The current band lineup includes Kolassa, vocals; David Dunavent, guitar; Chris Stephenson, keyboards; Leo Goff, bass; Lee Andrew Williams, drums; and backing vocalists Susan Marshall and Daunielle Hill. Musical guests include guitarists Jeff Jensen and Toranzo Cannon; horn players Marc Franklin, Kirk Smothers and Sauvo Jones; harp aces, Eric Hughes and J.D. Taylor; keyboardist Marty Sammon; violinist Alice Hansen; and Mike Wilson, puccolo, a form of whistling.
Kolassa, a great songwriter, has always had a sharp sense of humor and calls his original music “free range blues”. He like many of us enriches life through the music. He opens with “I Can’t Slow Down” and the lyric “I gotta keep movin’, that’s the way I feel…I can’t slow down, I’m afraid I’ll stop”.

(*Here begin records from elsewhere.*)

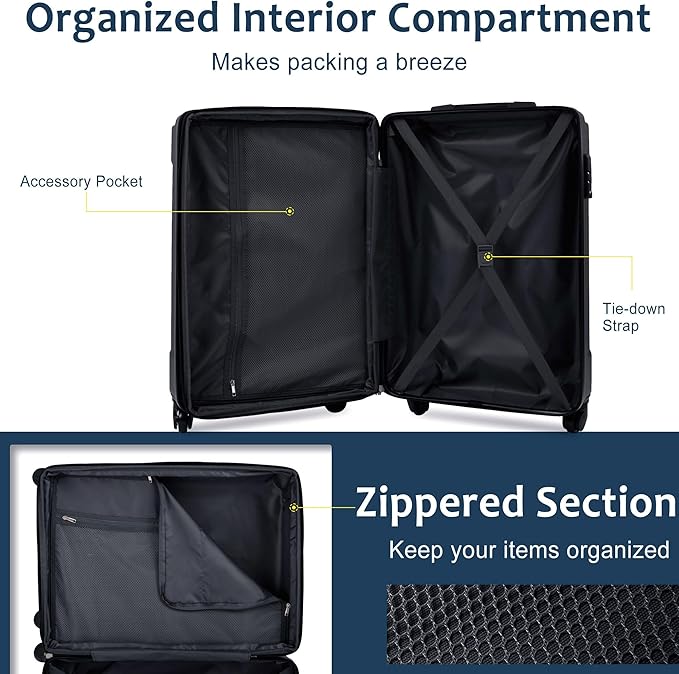 Merax Carry-On Luggage 22x14x9 airline approved, Hardshell ABS Suitcase with Spinner Wheels, TSA Lock, Lightweight Durable 20 Inch Travel Luggage for Men Women(Blue)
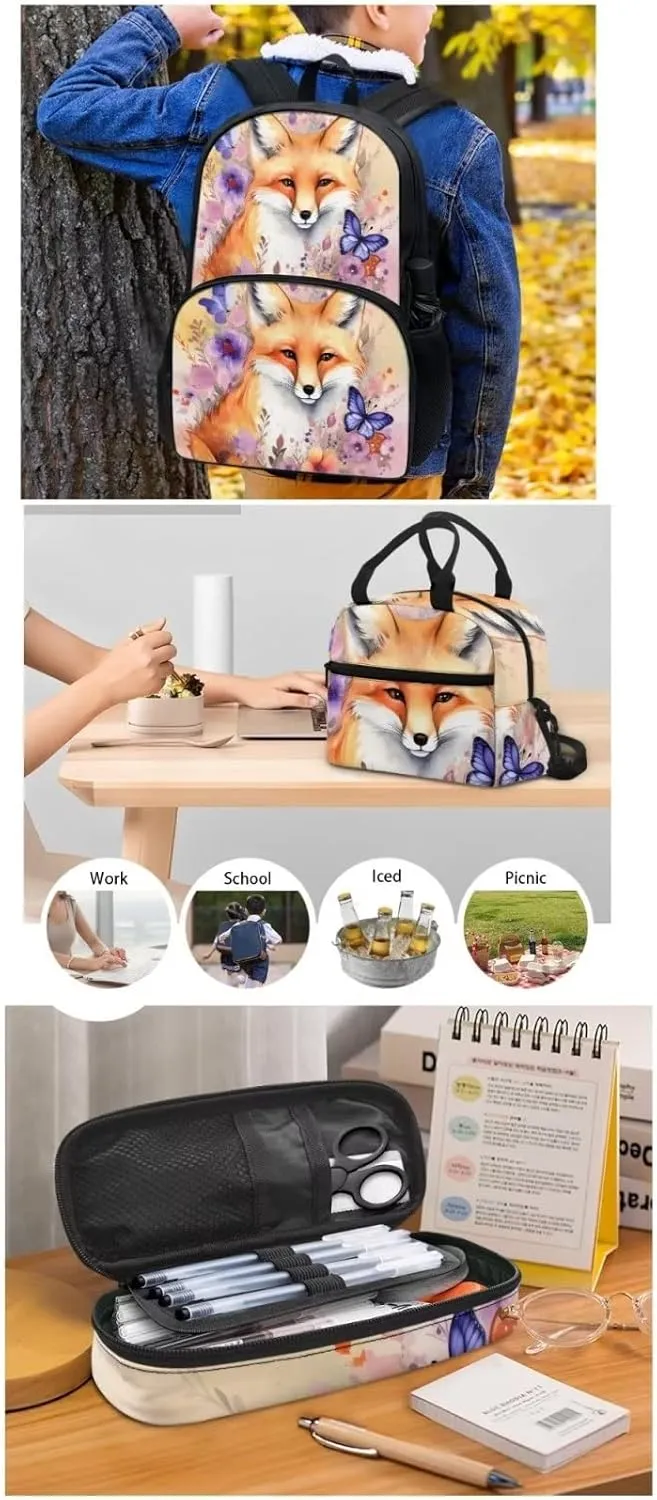 Cute Girls Backpack with Lunch Box Pencil Case Multi Pockets Large Beige Floral Butterfly Fox School Backpack and Lunch Bag Set for Girls Student Lightweight Basic Comfy Book Bag 17 Inch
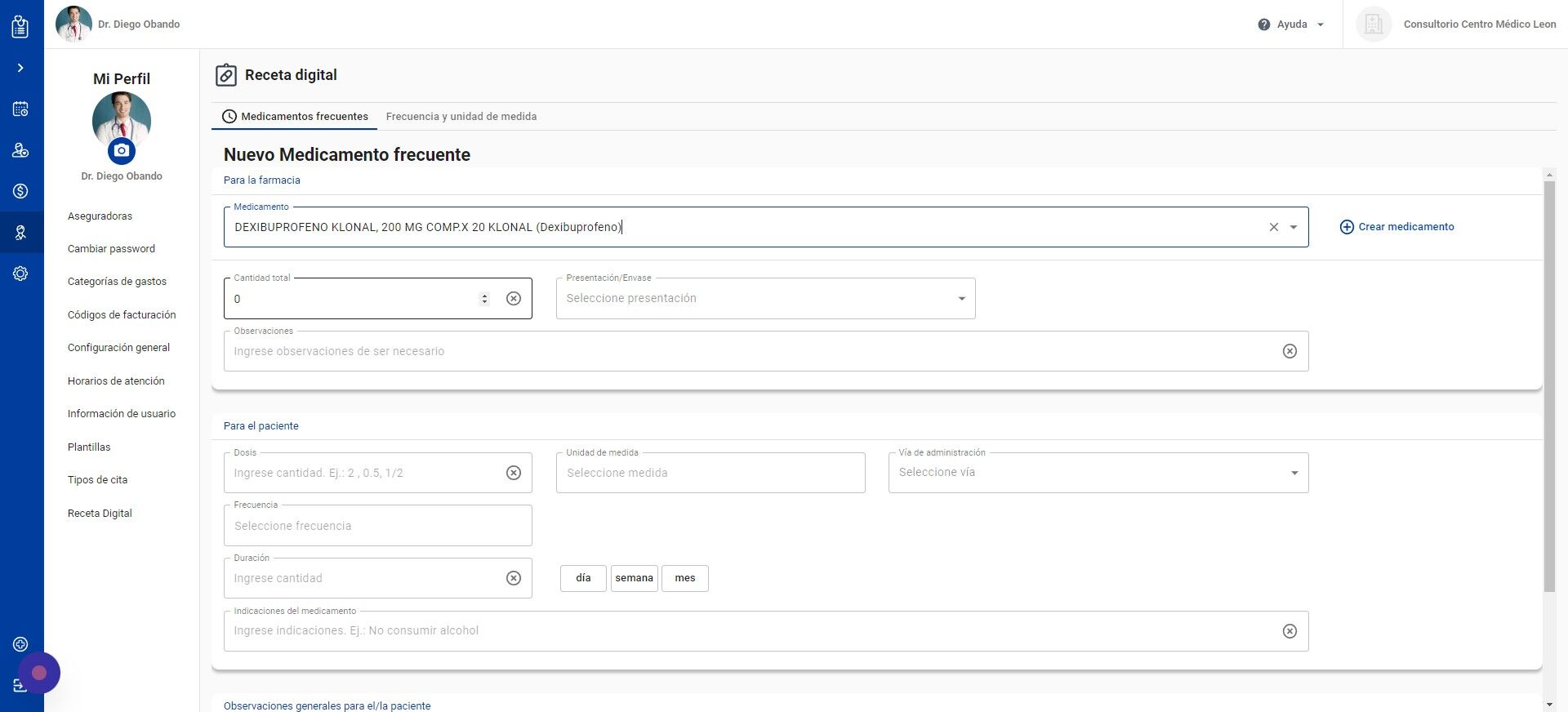 Screenshot of: Ingrese la cantidad total del medicamento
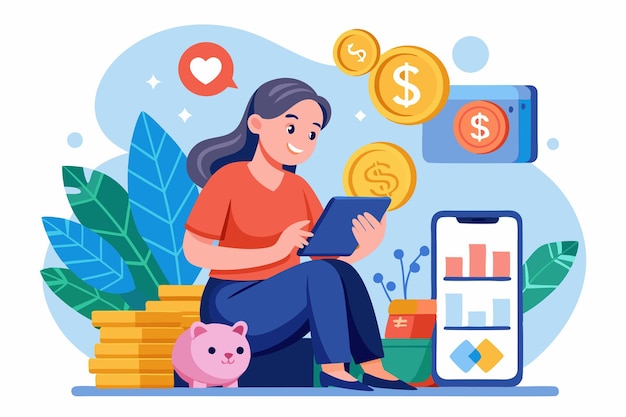 Una mujer se sienta cómodamente usando una aplicación digital para rastrear sus ahorros y finanzas mientras está rodeada de monedas.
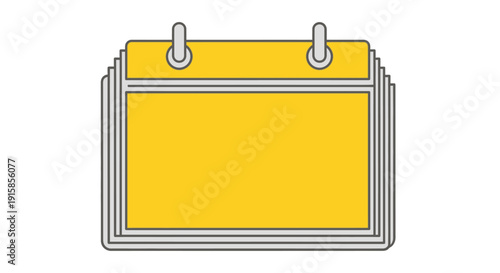 Stack of yellow notepads or calendars with silver rings on a clean background viewed from directly above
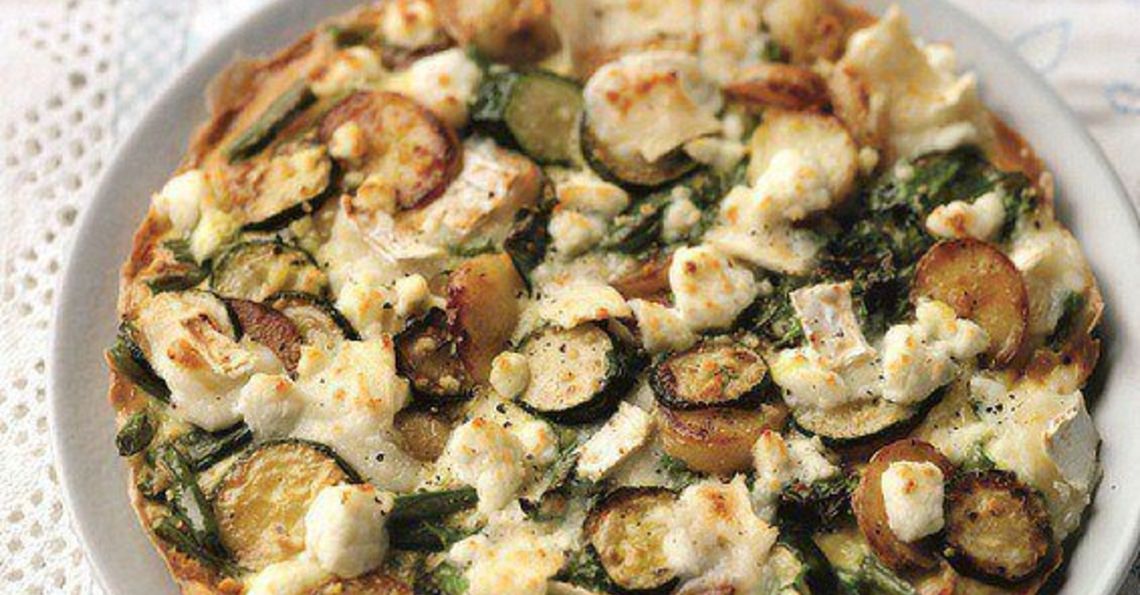 Potato, courgette, bean and goats cheese frittata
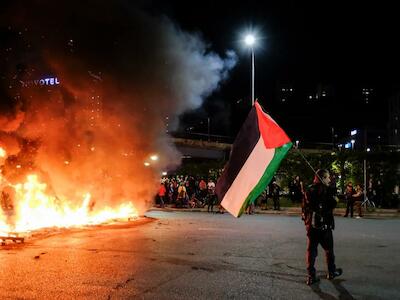 Estibadores genoveses protestan tras el abordaje de la Flotilla Global Sumud por parte de Israel.Emanuela Zampa/Getty Images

“US 12 to Highway 49” opens with Hughes harmonica. Kolassa is at his best when his singing is more a narrative as he is a great storyteller. “I moved from US 12 to Highway 49”.
“Alternative Man” and “Alternative Man Alternative” are another narrative “I’m not looking for forever only for a good time…I’m gonna love you for awhile and then let you go”. On “American Intervention” Dunevant’s dramatic playing punctuates the lyric “this is an intervention I can’t watch you killin’ you”.
“Pullin Me Down” is fabulous as it features Stephenson on organ and the horn section of Franklin and Smothers. “Cotton Road” is a highly produced number featuring the background vocalists and Dunavent’s guitar.
“Whiskey in the Mornin” features J.D. Taylor on harmonica showing why his playing is deserving of a BMA nomination, as Kolassa sings “I love my whiskey”. Although not credited in the liner notes Jones can be heard in the background on trombone. On “35 Miles To Empty”, “I got 45 miles to go”, Hughes is featured with a harp solo of his own.
This time the chestnuts are “I Don’t Need No Doctor”, written by Ashford and Simpson, featuring the horn section with a fabulous trumpet solo from Franklin. “Miss Boss” from Larry Garner “my lady, she’s a boss, call the woman what you want to, I call mine Miss Boss”, with background laughter provided by Marshall and Hill; and “The Viper”, the classic with the lyric, “I had a dream about a reefer that was five foot long”, this time with horn players Franklin and Jones, as Hansen is added on violin.
Kolassa is the hooker who gives his music away for free. I gotta’ listen more to this fabulous album. Thank you, Mick.